Background: Selenoproteins are playing an important role in body homeostasis and development. They control thyroid hormone metabolism and are of prime importance for intracellular redox regulation and cellular defence. The SePP knockout mouse (SePP-KO) is a model of impaired Se metabolism characterized by a disrupted distribution system for organified Se. One of the major phenotypes of the homozygote SePP-KO mice is a reduced increase in size and weight during the growth spurt that can dose-dependently be rescued by Se supplementation.

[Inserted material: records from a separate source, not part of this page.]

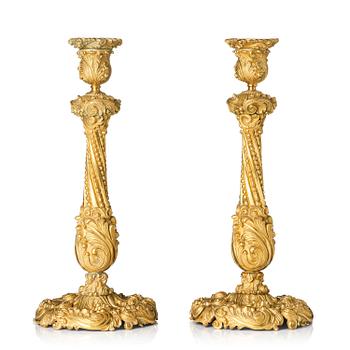 138. A pair of gilt-bronze rococo-revival candlesticks, later part 19th century.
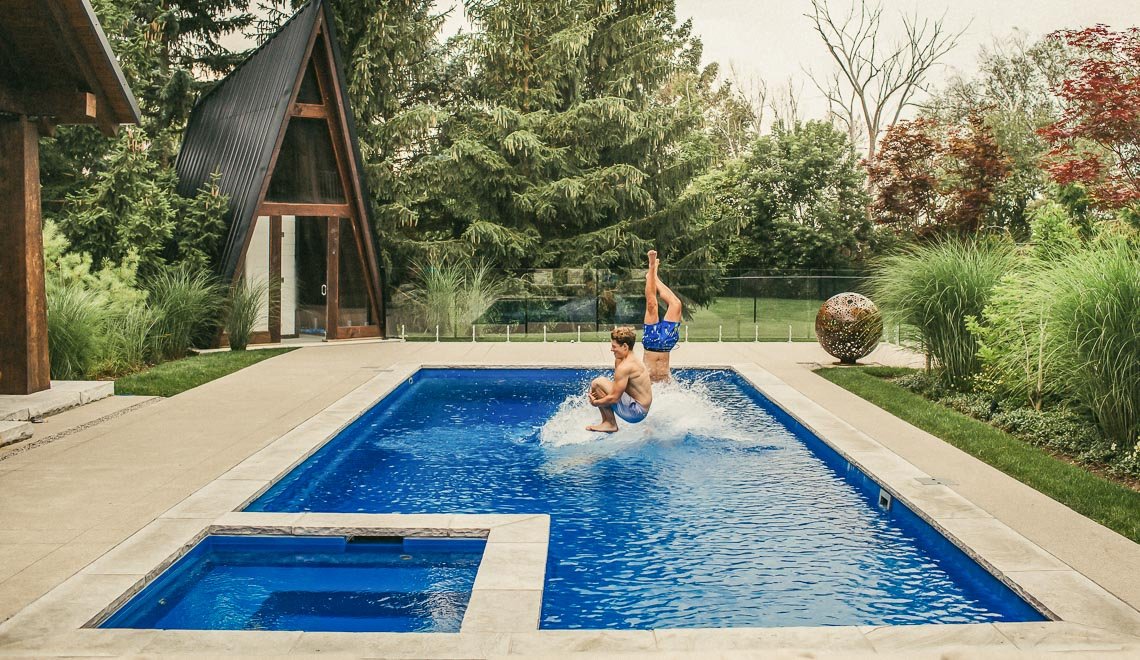 Kids enjoying a splash at a Northern Colorado Pools backyard, showing fun and quality pool design for family homes.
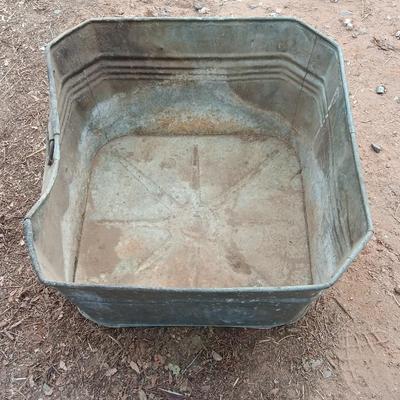 Metal wash tub with two vintage pickaxe heads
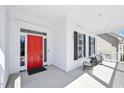 Inviting covered front porch with seating area and a vibrant red front door at 301 Kinsale Dr, Chapel Hill, NC 27517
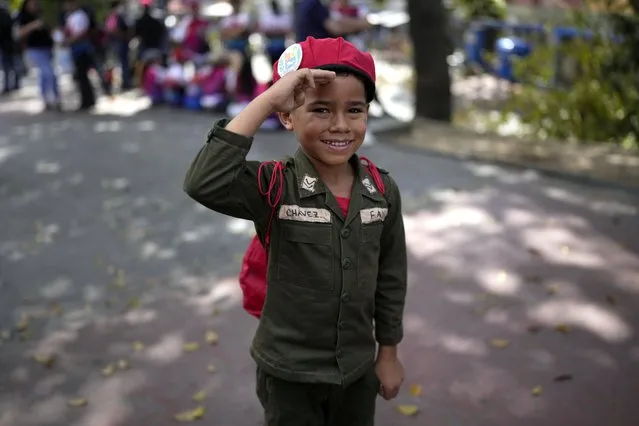 A boy dressed as late Venezuelan President Hugo Chavez salutes as he stands in line to visit Chavez's tomb during commemorations marking the tenth anniversary of his death, outside the Cuartel de la Montaña 4F in Caracas, Venezuela, Sunday, March 5, 2023Ariana Cubillos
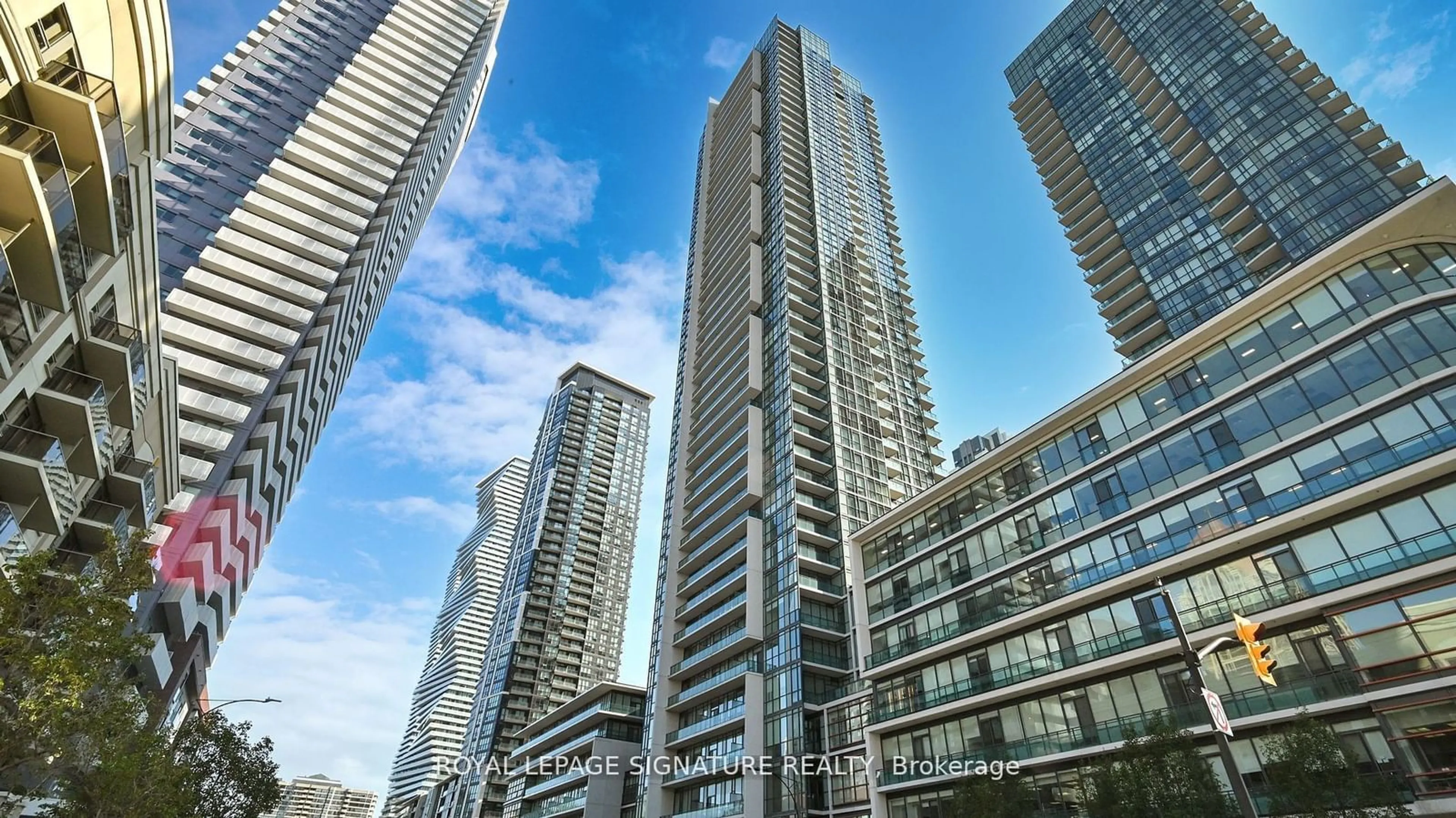 A pic from exterior of the house or condo, the view of city buildings for 4070 Confederation Pkwy #LPH4, Mississauga Ontario L5B 0E9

Hypothesis: Se has an effect on the growth hormone axis and affects bone metabolism by modifying either growth signal synthesis or the response of target tissues.
Materials and methods: Male and female wild-type, heterozygous and homozygous SePP-KO mice were raised on regular rodent chow. At the age of 35 days, we studied the expression of growth-relevant genes in target tissues by realtime-PCR and Nothern blot analysis. Serum markers like IGF-1 and Leptin were determined by multiplex ELISA technique.
Results: On commercial diets with Se-contents not specified, we identified disarrangements in the IGF- and IGFBP-mRNA expression levels, which appeared inconclusive. On diets with defined Se content, male SePP-KO mice had a body weight of 11.3 g (±0.4 g) at P35 compared to 14.8 g (±0.6 g) in heterozygous or wild-type mice (P<0.001). The diets revealed a narrow window between rescue (above 0.24 ppm Se) and lethal progression of the phenotype (below 0.15 ppm). These findings now result in a well-defined model to study the impact of Se on growth and body mass.
Conclusion: Se metabolism, Se status and Se transport have an important impact on growth and body mass. Different SePP expression levels modify growth and development in transgenic SePP-KO mice. Together with specific diets this mouse model offers an ideal way to study the interaction of Se supply and growth hormone axis.